◆ **MATERIALS PROVIDED**:
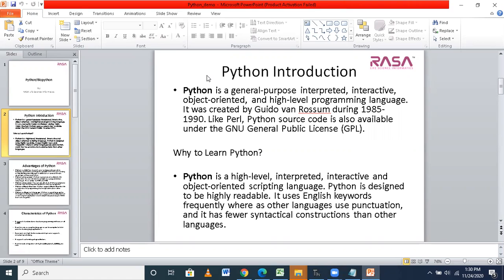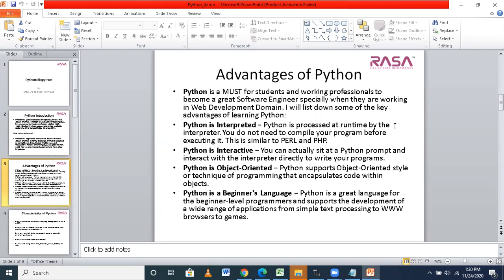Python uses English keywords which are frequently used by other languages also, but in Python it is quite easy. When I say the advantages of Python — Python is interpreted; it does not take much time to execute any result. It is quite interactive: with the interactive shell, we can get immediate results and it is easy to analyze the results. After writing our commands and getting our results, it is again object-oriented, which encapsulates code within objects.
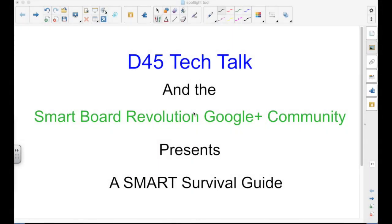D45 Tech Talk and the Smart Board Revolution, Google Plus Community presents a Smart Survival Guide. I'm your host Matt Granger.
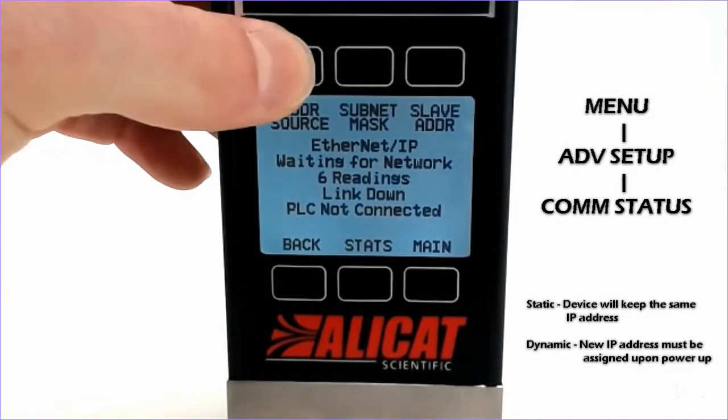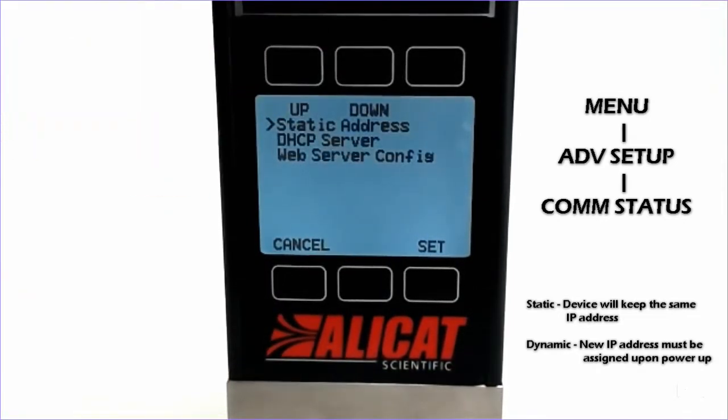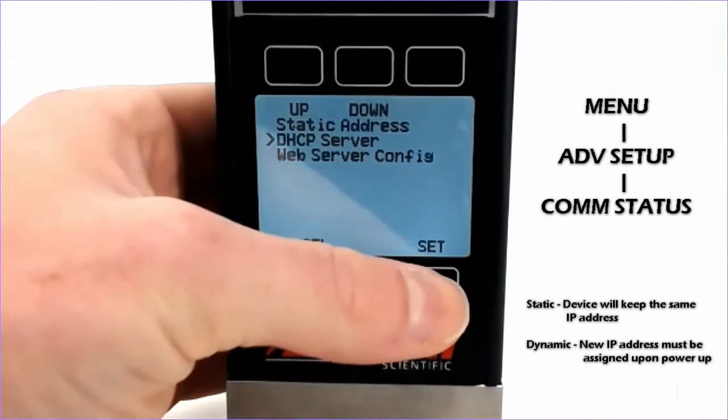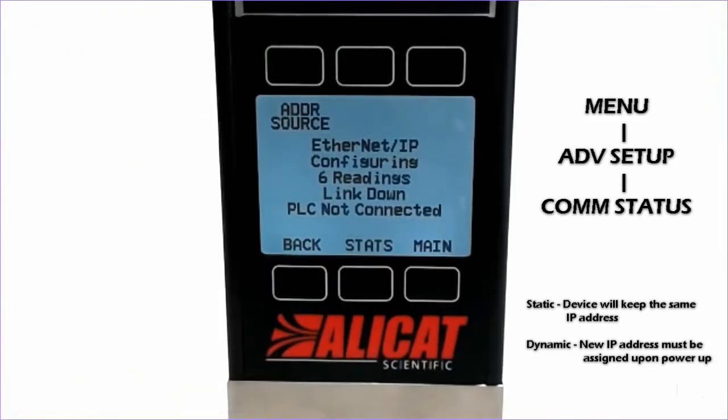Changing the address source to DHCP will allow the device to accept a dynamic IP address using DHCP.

* * *

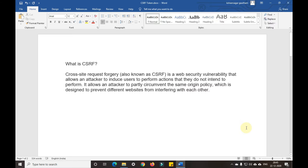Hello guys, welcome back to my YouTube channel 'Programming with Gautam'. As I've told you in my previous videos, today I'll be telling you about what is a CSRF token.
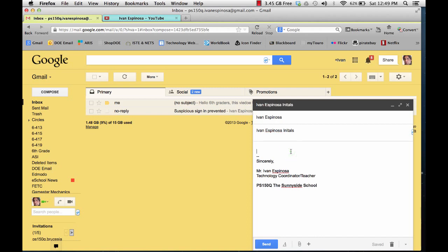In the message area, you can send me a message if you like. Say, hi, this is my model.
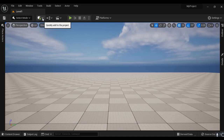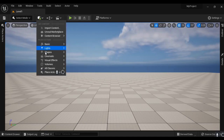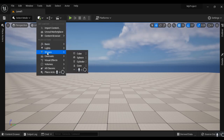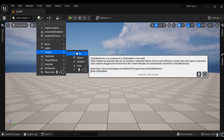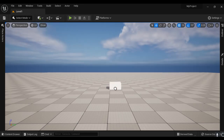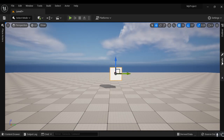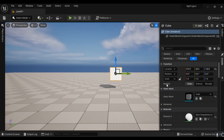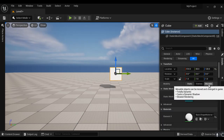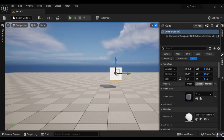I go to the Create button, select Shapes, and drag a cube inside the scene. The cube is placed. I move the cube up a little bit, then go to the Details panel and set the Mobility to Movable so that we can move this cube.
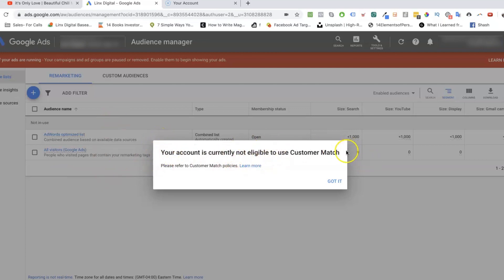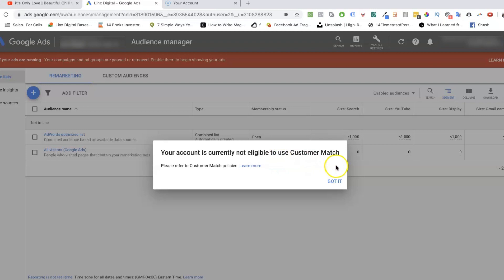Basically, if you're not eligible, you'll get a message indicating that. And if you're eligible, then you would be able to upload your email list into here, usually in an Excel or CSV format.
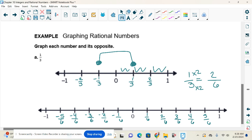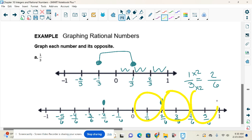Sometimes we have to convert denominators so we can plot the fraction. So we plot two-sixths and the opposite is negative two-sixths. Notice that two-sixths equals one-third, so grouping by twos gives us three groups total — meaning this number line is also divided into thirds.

◆ **PROBLEM DETAILS**:
The answer is the lines of the material above, from the one containing "D45 Tech Talk" down to the one containing "Changing the address", given exactly and without images.

◆ **THE ANSWER**:
D45 Tech Talk and the Smart Board Revolution, Google Plus Community presents a Smart Survival Guide. I'm your host Matt Granger.
Changing the address source to DHCP will allow the device to accept a dynamic IP address using DHCP.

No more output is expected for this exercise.